Short web captions
--*--

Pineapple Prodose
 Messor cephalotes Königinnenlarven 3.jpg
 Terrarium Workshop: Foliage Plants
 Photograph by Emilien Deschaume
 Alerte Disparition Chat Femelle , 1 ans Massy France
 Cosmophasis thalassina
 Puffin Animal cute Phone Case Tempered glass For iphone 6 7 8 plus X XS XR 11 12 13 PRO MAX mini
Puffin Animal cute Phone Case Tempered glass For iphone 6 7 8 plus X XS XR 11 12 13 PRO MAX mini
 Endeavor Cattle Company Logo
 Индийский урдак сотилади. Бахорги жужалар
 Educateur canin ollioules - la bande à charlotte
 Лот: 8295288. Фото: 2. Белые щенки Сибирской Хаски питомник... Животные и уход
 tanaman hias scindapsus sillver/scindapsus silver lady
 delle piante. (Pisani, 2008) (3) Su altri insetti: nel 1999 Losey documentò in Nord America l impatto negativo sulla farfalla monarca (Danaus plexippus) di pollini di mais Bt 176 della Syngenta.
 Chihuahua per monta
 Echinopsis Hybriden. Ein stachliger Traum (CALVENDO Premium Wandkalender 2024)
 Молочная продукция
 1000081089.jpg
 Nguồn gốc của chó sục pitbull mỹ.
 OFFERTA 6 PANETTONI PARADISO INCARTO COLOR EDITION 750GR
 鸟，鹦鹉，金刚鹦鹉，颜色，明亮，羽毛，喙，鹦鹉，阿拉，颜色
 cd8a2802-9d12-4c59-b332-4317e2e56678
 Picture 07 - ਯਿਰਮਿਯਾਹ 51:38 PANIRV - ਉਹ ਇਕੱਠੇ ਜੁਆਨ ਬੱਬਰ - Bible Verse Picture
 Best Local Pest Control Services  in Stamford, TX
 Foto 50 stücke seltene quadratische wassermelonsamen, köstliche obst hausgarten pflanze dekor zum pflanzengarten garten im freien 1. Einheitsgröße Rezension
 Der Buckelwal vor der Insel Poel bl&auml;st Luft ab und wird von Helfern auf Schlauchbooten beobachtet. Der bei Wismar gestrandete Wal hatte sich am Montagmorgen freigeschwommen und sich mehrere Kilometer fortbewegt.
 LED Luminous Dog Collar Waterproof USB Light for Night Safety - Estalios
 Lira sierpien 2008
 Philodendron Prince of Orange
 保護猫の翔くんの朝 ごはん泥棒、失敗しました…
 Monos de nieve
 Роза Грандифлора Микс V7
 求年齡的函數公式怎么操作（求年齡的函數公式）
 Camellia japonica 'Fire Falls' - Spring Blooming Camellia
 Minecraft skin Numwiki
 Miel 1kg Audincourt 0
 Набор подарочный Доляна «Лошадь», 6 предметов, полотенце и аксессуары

--*--

*Required work:* Begin at the line that has "Alerte Disparition Chat" in the entries above; stop after the line that has "Foto 50 stücke". Transcribe exactly those lines and no others.

*Solution:*
 Alerte Disparition Chat Femelle , 1 ans Massy France
 Cosmophasis thalassina
 Puffin Animal cute Phone Case Tempered glass For iphone 6 7 8 plus X XS XR 11 12 13 PRO MAX mini
Puffin Animal cute Phone Case Tempered glass For iphone 6 7 8 plus X XS XR 11 12 13 PRO MAX mini
 Endeavor Cattle Company Logo
 Индийский урдак сотилади. Бахорги жужалар
 Educateur canin ollioules - la bande à charlotte
 Лот: 8295288. Фото: 2. Белые щенки Сибирской Хаски питомник... Животные и уход
 tanaman hias scindapsus sillver/scindapsus silver lady
 delle piante. (Pisani, 2008) (3) Su altri insetti: nel 1999 Losey documentò in Nord America l impatto negativo sulla farfalla monarca (Danaus plexippus) di pollini di mais Bt 176 della Syngenta.
 Chihuahua per monta
 Echinopsis Hybriden. Ein stachliger Traum (CALVENDO Premium Wandkalender 2024)
 Молочная продукция
 1000081089.jpg
 Nguồn gốc của chó sục pitbull mỹ.
 OFFERTA 6 PANETTONI PARADISO INCARTO COLOR EDITION 750GR
 鸟，鹦鹉，金刚鹦鹉，颜色，明亮，羽毛，喙，鹦鹉，阿拉，颜色
 cd8a2802-9d12-4c59-b332-4317e2e56678
 Picture 07 - ਯਿਰਮਿਯਾਹ 51:38 PANIRV - ਉਹ ਇਕੱਠੇ ਜੁਆਨ ਬੱਬਰ - Bible Verse Picture
 Best Local Pest Control Services  in Stamford, TX
 Foto 50 stücke seltene quadratische wassermelonsamen, köstliche obst hausgarten pflanze dekor zum pflanzengarten garten im freien 1. Einheitsgröße Rezension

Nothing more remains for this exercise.